Tuve la oportunidad de participar en el programa Starlight Buenas Noches, Extremadura, una iniciativa que busca devolvernos algo esencial: el derecho a mirar el cielo. Fue en el dolmen de Valdecaballeros, un lugar donde la historia y el universo se encuentran. Allí, bajo la bóveda más pura que he visto en años, contemplé la Vía Láctea extendiéndose como una corriente de luz sobre el silencio del campo.
A simple vista —sin telescopio, sin filtros— se distinguía la banda blanquecina de estrellas que da nombre a nuestra galaxia, y más allá, el débil resplandor de Andrómeda, nuestra vecina cósmica. Los monitores explicaban su historia: la princesa encadenada que, en la mitología griega, fue rescatada por Perseo. Y uno no puede evitar pensar en lo humano de esa leyenda —la fragilidad, el miedo, el rescate— mientras observa una luz que lleva viajando más de dos millones de años hasta llegar a nosotros.
Como médico, me fascina la precisión de la biología; pero como ser humano, me sobrecoge la inmensidad del cielo.

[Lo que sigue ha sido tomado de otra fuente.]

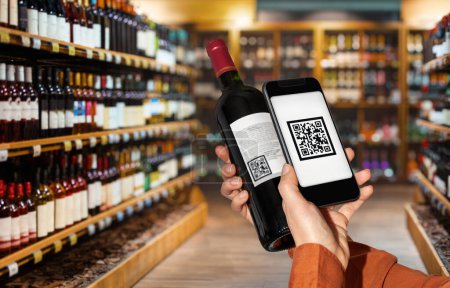 Foto de El cliente escanea el código qr en la botella de vino por teléfono inteligente en la tienda de licores. - Imagen libre de derechos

Y hay algo terapéutico en eso. Numerosos estudios demuestran que contemplar el firmamento reduce los niveles de cortisol, disminuye la presión arterial y favorece el bienestar psicológico. El asombro —ese sentimiento de pequeñez ante la belleza— activa mecanismos cerebrales asociados a la gratitud, la empatía y la serenidad.

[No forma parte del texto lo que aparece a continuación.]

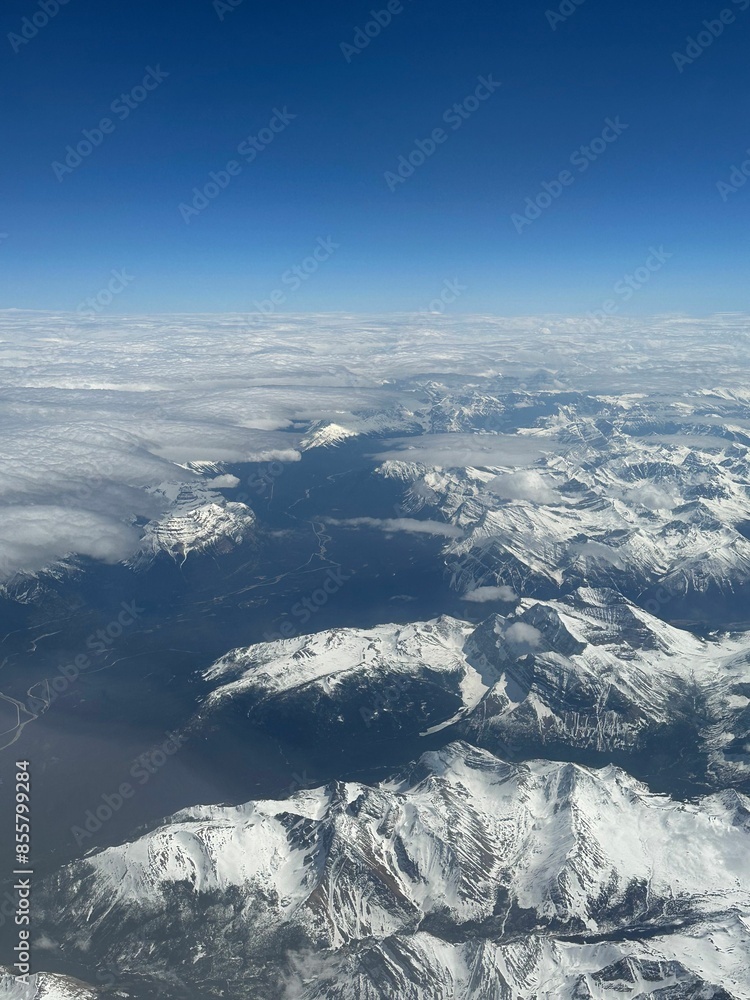 Obraz premium Aerial view of the Canadian Rockies taken from above in an airplane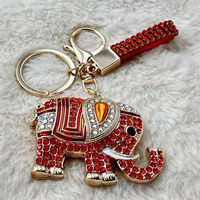 Porte-clés élégant en cristal en forme d'éléphant, bijou ethnique coloré avec diamant, cadeau idéal pour clé de voiture, sac ou accessoire de mode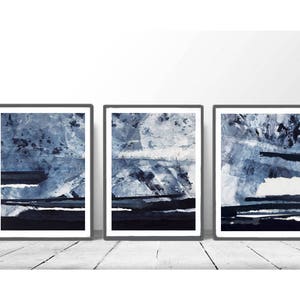 Pu&ograve; includere: Tre dipinti astratti incorniciati in tonalit&agrave; di blu e bianco. I dipinti sono in cornici nere e sono appesi a una parete bianca.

El avance tecnológico nos ha permitido ir más allá del ojo humano: telescopios de alta resolución, cámaras de larga exposición, proyecciones digitales que muestran nebulosas y cúmulos estelares invisibles al mirar directamente. En la experiencia Starlight, esas imágenes se proyectaban en pantallas junto al dolmen, combinando ciencia, arte y emoción. Era como si el universo se desplegara ante nosotros, no solo como objeto de estudio, sino como fuente de belleza y salud emocional.
Y mientras observaba, pensé que el cielo estrellado debería recetarse como una medicina. Porque mirar hacia arriba nos enseña a poner distancia con nuestras preocupaciones, a entender que somos parte de algo mayor y que la vida —con sus heridas, esfuerzos y silencios— forma parte de un orden más amplio.
En un mundo saturado de pantallas y ruido, el cielo nocturno de Extremadura es un santuario. Queremos proteger y compartir esa experiencia: mirar las estrellas, sentir el tiempo detenido, dejar que el asombro actúe como una cura silenciosa.
Porque el universo no está lejos. Está ahí, esperándonos cada noche. Solo hace falta apagar la luz, levantar la vista… y recordar quiénes somos.